A few days before I went out of town, I attended a social function. I’m afraid I made rather an ass of myself. Not for the first – nor, I’m sure, for the last – time; however, in the process I fear that I may have offended some people whose opinions are important to me.
We all make these social errors from time to time. We know that other people make them, too. Yet somehow when you’re the one doing it, it feels as if it’s only you. Everyone around you seems the picture of social aptitude and grace. Other people never make these mistakes, never humiliate themselves the way we have done, on more occasions than we care to enumerate. And sometimes it’s difficult not to despise ourselves for not being more capable, for not knowing when to speak and when to be silent, for not knowing what to speak, and what to be silent about.
I don’t necessarily believe that we should refrain from punishing ourselves when we do things we know we ought to regret. We’re past the age of having parents to discipline us, to admonish us when we go wrong, or to explain to us what we should have done instead. Any punishment we receive must be self-inflicted; any atonement we make must be self-imposed. And perhaps these steps are necessary; perhaps the punishment and the atonement are what make you remember, the next time, not to behave in ways you might soon regret.
I’m not opposed to the process. I only wish it ended sooner. Because I’m ready to let go of the hurt in my heart. It just doesn’t seem to be ready yet, to let go of me.
Our friends forgive us our flaws so long as they’re not too flagrant. They overlook our oddest opinions so long as they’re not too offensive; they refuse to resent our rambling rants so long as they’re not too rotten. There is a great deal of inertia in a friendship. Our opinions of our friends, and theirs of us, do not change as a result of one day or one night or one weekend, as a result of one misspoken sentiment or one misinterpreted gesture. It takes months, even years, as our intimacy with one another waxes and wanes, for our impressions to truly change, for our evaluations of one another to shift positions on the social scale of bad and good. There are certainly people in my life whom I have grown to like more and more as the years have passed. And likewise, there are those whom I care for less and less. And undoubtedly other people’s estimation of me has risen and fallen in a similar fashion.
There is little in this life that is truly unconditional. Love, friendship – these ties between us and the people we care about are built on solid foundations which may be difficult to rock. But they can be rocked. Even destroyed. Any relationship can be toppled. If sufficient force is applied against it.
I think myself very fortunate that, on a day in which I would like nothing more than to crawl into a hole and die, that I’ve managed to find myself such a tremendously impressive hole.

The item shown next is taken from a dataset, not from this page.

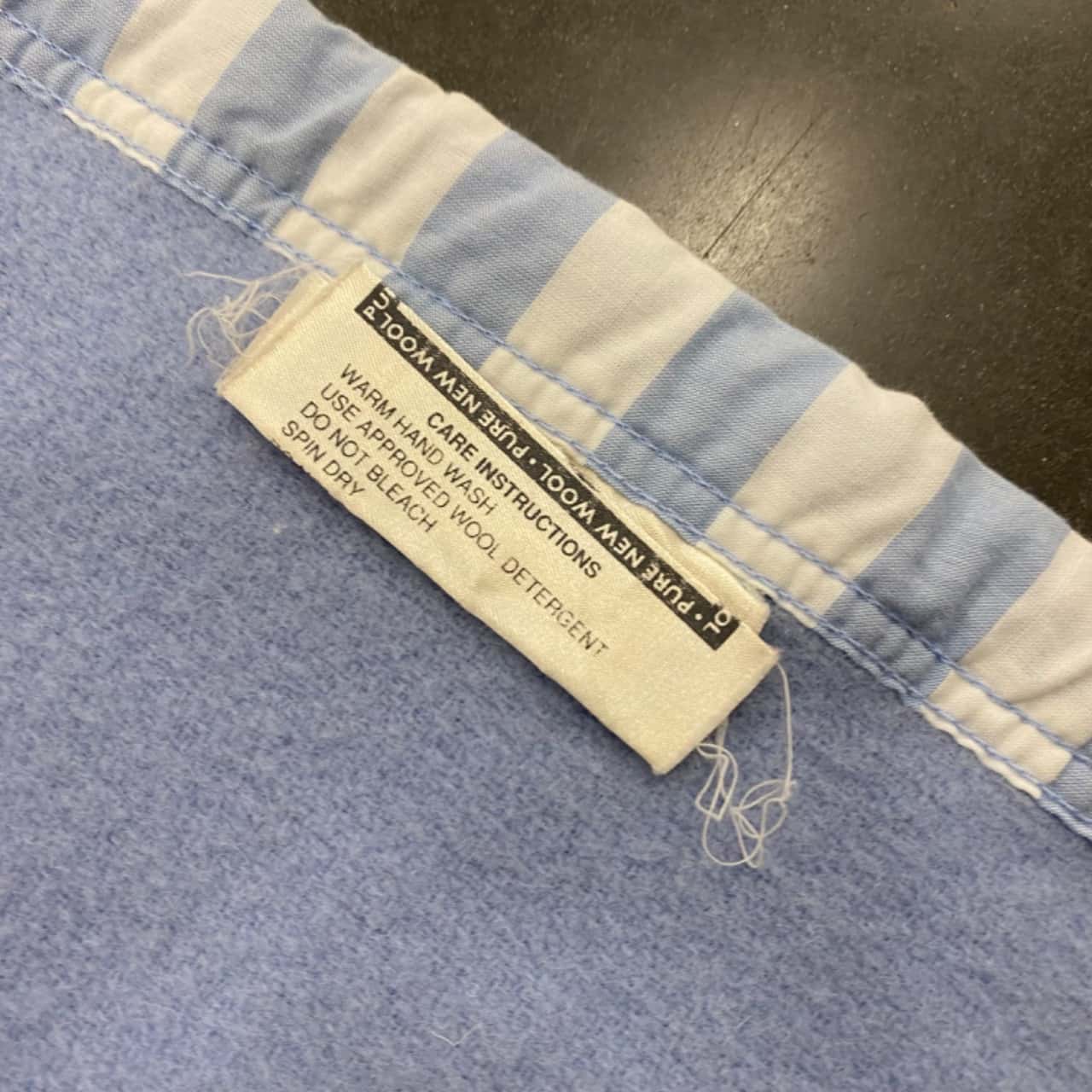 Onkaparinga. Light blue wool blanket with B1 & B2 (Bananas in Pyjamas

Because here on The Loneliest Road in America, I could commit a series of faux pas such as Miss Manners has never even dreamed about and my secret would forever remain between the sage and the salamanders and me.
But while I’m glad to have made such a timely escape, it only prolongs my torture. Because now I have no way of knowing what these particular individuals think of me now. Because they’re there, and I’m here. Out of touch, out of sight, and – I hope – out of mind. And now I have no choice but to wait. It will be many weeks, if not months, before I learn whether things have indeed changed between us, or if this, too, will wash casually under the bridge like any of the other countless instances in which I’ve said or done something I shouldn’t.
For those of us who suffer from these bouts of social ineptitude – and I suspect that it’s more common than any of us would care to confess – it’s tempting to long for an alternate solution. A stronger inner censor. Or perhaps an outer one, a tiny angel to sit on our shoulder and whisper “No!” in our ear when we’re about to deliver a speech we can’t ever take back. Perhaps we wish that we could be forced to edit our words before we’re permitted to speak them. Perhaps this is even why some of us become writers. Because in writing, there is always time to think and rethink before we speak. There is no blurting out our words; no chance of releasing them before we’ve had time to reconsider what we want to say – or what we ought not to say.
Of course, it would never work. Somehow I think it would put a serious crimp on our conversations if we had to respond to every inquiry with “How am I? Um… wait while I write down my answer. I’ll get it to you in half an hour.”
No, I’m afraid there’s nothing else for it. But to try again, and to try harder. Because most of the time, there is no escape. There is no Loneliest Road; no vast, vacant desert to which we can unburden our fears and frustrations, no wilderness into which we can release our pathetic whimpers and cries. We can take that road whenever we want to, take it away from our town, away from our friends, away from our most painful memories and most repented mistakes. We can take that road away. But eventually, we must also take it home.